### TASK MATERIAL
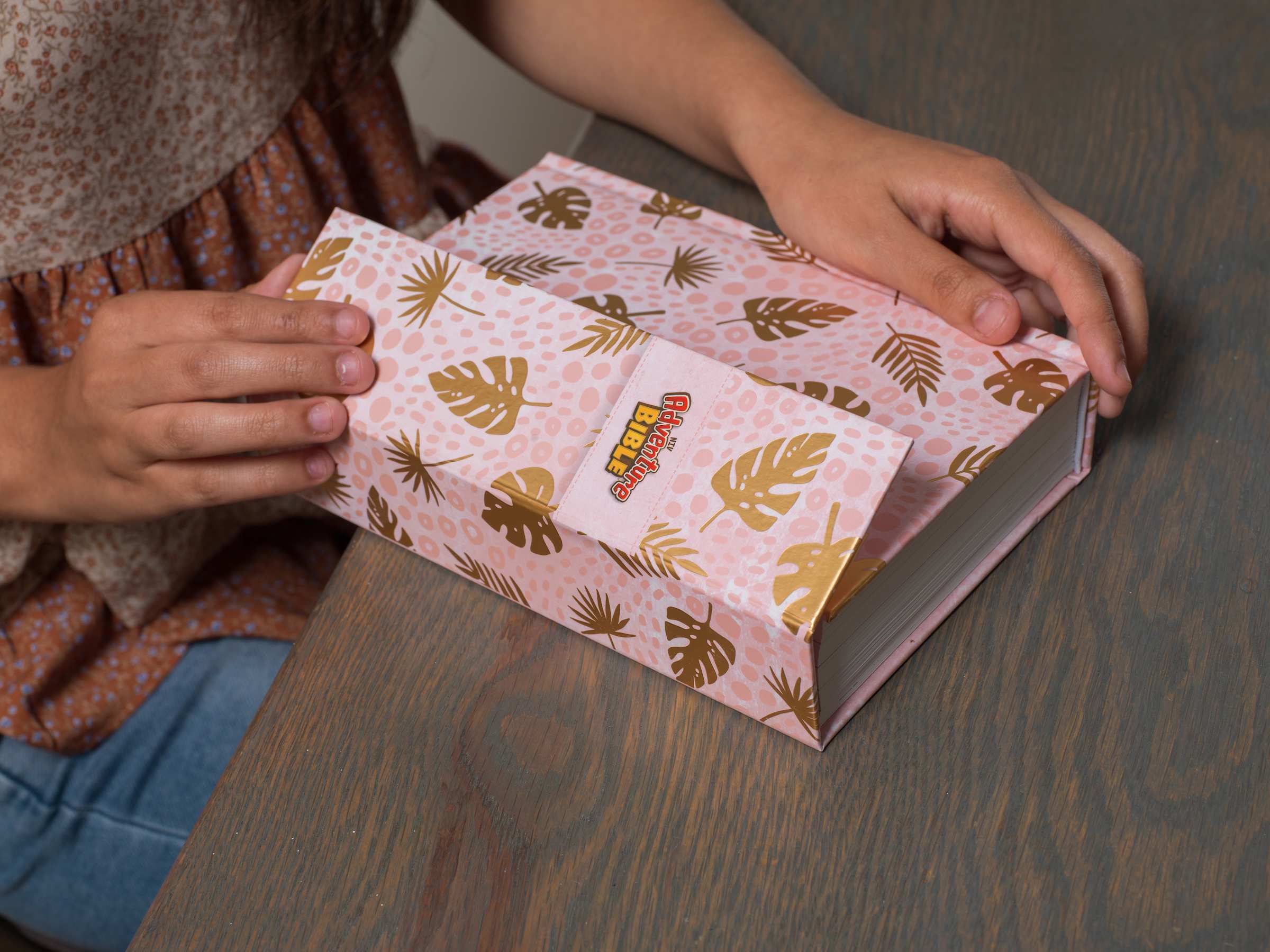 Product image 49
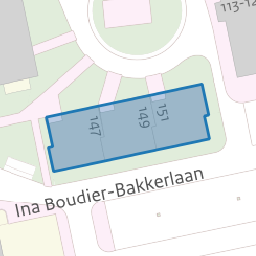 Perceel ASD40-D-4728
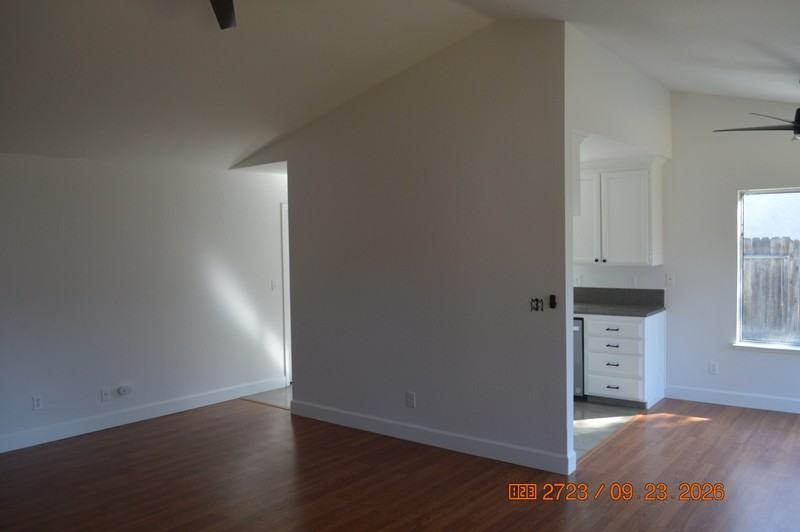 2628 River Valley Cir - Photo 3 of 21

--

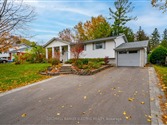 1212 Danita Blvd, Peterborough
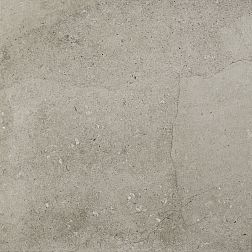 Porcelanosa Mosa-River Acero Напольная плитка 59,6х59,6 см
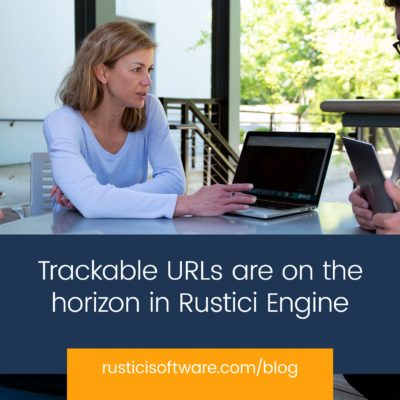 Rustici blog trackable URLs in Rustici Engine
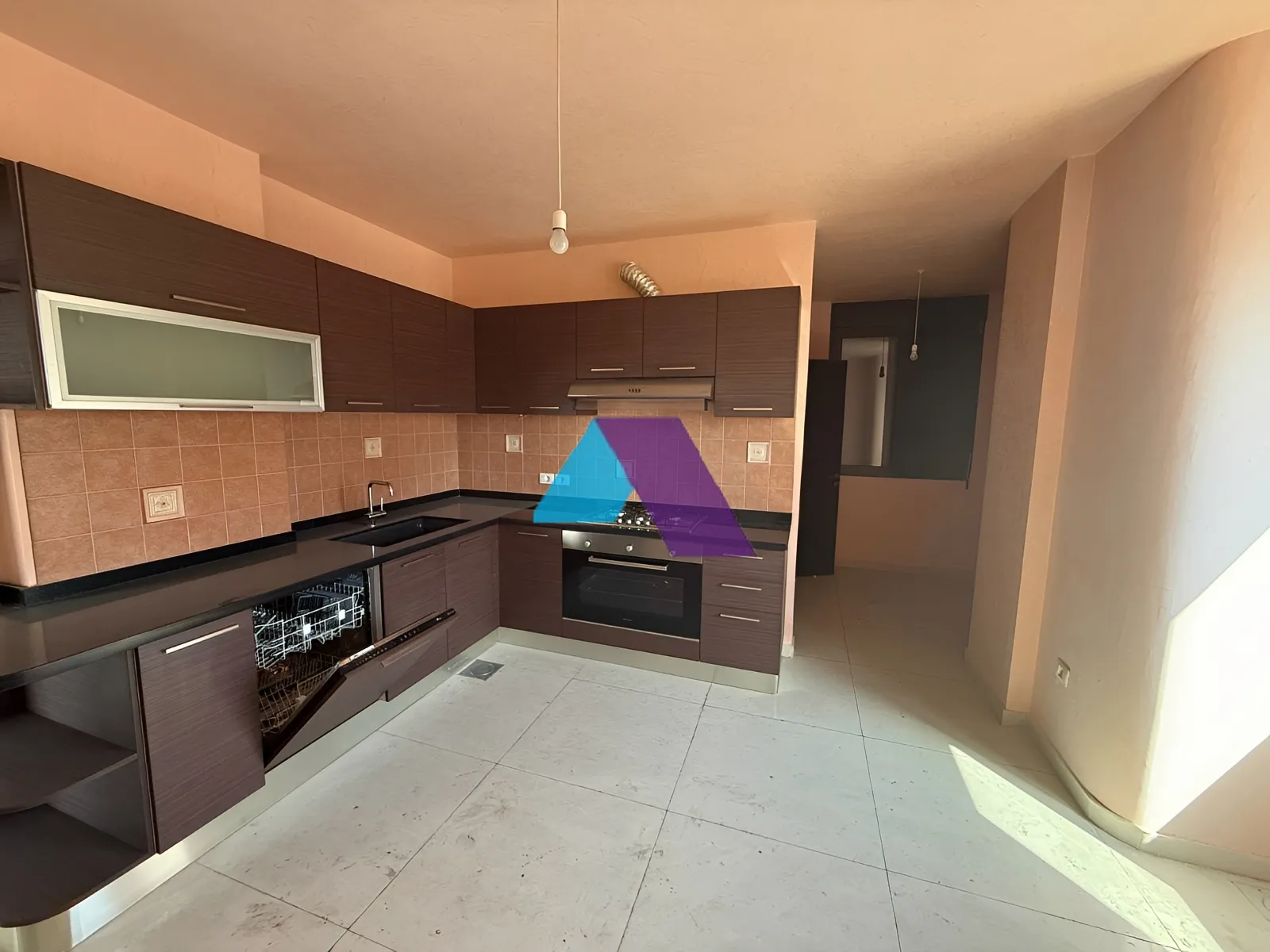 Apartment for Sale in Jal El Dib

### WORK REQUEST
Reproduce, word for word, everything in the listing above from the line containing "1212 Danita Blvd, Peterborough" down to the line containing "Apartment for Sale in Jal El Dib", both of them included. No pictures.

### YOUR RESPONSE
 1212 Danita Blvd, Peterborough
 Porcelanosa Mosa-River Acero Напольная плитка 59,6х59,6 см
 Rustici blog trackable URLs in Rustici Engine
 Apartment for Sale in Jal El Dib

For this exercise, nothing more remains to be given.